- [TASK]:
Look for the line that has "Flaming-Snow MD-04 Roadrunner Fluorescent" in the material below; please repeat it and every line after it, exactly, up to and including the line that has "Индекс Герфиндаля-Хиршмана можно", and nothing else.

- [DATA TO PROCESS]:
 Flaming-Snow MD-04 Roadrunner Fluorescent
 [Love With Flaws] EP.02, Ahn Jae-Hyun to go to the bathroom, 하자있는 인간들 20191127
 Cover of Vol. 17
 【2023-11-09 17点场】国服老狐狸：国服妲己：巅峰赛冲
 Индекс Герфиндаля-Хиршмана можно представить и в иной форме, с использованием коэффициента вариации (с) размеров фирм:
---
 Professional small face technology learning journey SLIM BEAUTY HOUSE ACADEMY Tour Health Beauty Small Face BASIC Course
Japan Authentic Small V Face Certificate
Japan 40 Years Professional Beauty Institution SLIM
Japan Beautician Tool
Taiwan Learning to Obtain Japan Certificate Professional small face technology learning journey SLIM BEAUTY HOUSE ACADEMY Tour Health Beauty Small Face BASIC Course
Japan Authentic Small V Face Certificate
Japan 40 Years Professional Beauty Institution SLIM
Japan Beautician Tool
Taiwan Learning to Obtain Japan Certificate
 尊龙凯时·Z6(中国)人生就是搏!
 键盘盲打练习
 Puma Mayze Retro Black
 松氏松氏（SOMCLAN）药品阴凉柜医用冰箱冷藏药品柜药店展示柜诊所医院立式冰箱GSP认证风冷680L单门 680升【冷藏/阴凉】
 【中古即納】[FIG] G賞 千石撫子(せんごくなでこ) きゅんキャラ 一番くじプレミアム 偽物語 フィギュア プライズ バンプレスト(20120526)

- [WRITTEN RESPONSE]:
 Flaming-Snow MD-04 Roadrunner Fluorescent
 [Love With Flaws] EP.02, Ahn Jae-Hyun to go to the bathroom, 하자있는 인간들 20191127
 Cover of Vol. 17
 【2023-11-09 17点场】国服老狐狸：国服妲己：巅峰赛冲
 Индекс Герфиндаля-Хиршмана можно представить и в иной форме, с использованием коэффициента вариации (с) размеров фирм:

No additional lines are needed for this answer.